Wednesday, October 9, 2013

Berkeley School's Chief Has Eye on Achievement Gap


By Doug Oakley
Staff Writer
Bay Area News Group
doakley@bayareanewsgroup.com

BERKELEY -- Taped to the wall in a long line across Donald Evans' office are the latest academic test scores of schools here, so the new superintendent knows just how each one is doing. 

Evans, who started the job three months ago, knows from those scores that if the city and school district are to meet their goal of closing the academic achievement gap between white students and students of color by 2020, they're going to have to work a lot harder. 

"It's doable, but it's going to take more than what we're doing right now," Evans said in an interview this week. "You're looking at a lot of kids in this community who have major resources, then on the other end of the spectrum there are kids with no resources at all -- and you're talking about leveling the playing field." 

Evans is convening a series of town hall meetings next month to hear from residents what they want out of the school district, including progress on the achievement gap. 

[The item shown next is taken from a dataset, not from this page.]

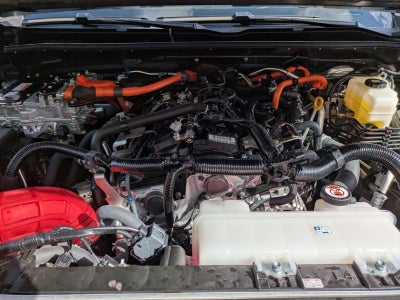 2025 Toyota 4Runner Hybrid TRD Pro 4WD (Natl)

The 7 p.m. meetings will be on Oct. 8 at Frances Albrier Community Center, 2800 Park St.; Oct. 10 at Rosa Parks Elementary School, 920 Allston Way; and Oct. 17 at Martin Luther King Jr. Middle School, 1781 Rose St. 

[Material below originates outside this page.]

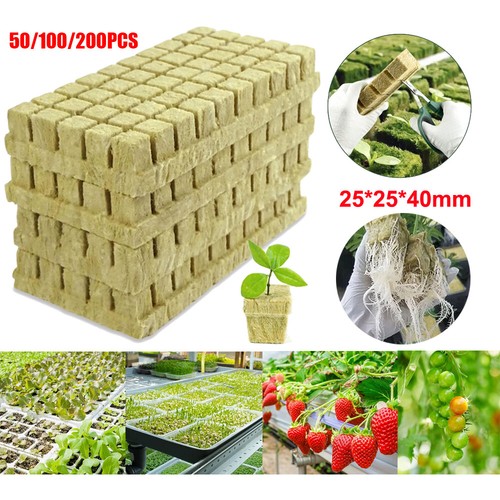 200pc grow starter rockwool - grow,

In hiring Evans, the school board made closing the achievement gap a priority. The school district came up with the 2020 Vision Plan in 2008. 

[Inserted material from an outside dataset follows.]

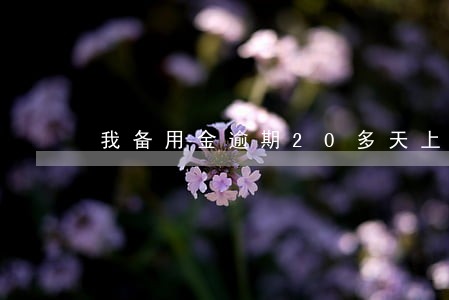 我备用金逾期20多天上征信吗 我备用金逾期20多天上征信吗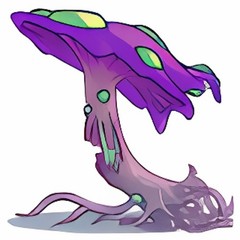 Neopets – Hungry Fungus – Virtual Items – Fast and Safe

By at least one measure progress is slow and the gap remains wide. 

In the five years the plan has been in place, English test scores of black ninth-graders have improved from 15 percent considered proficient to 24 percent proficient and from 75 percent below proficient to 67 percent below proficient. The percentage of those considered advanced, however, went from 10 percent to 9 percent. In the same time the English scores of white ninth-graders have stayed about the same with 67 percent in 2013 who were considered advanced, 24 percent proficient and 9 percent below proficient. 

"For some kids it's not just the academics," Evans said. "It's how do we meet the emotional and social needs as well. We do have some challenges. So the question I'll be asking the community at these meetings is, how can we better serve the needs of each student, what are we doing well and how do we focus our efforts." 

Evans said he is asking similar questions of teachers and principals. He said each school is "doing its own thing." Some are doing it better than others, however, and he said he wants to replicate the successes at underperforming schools. 

Evans came from a 19-month stint as schools superintendent in Hayward, which has some of the lowest test scores in Alameda County and some of the highest average class sizes. Even with those disadvantages, he said, the achievement gap is not as wide in Hayward as it is in Berkeley. "Here you have a huge gap and it's really apparent," he said. "And Berkeley has more resources and support for our kids."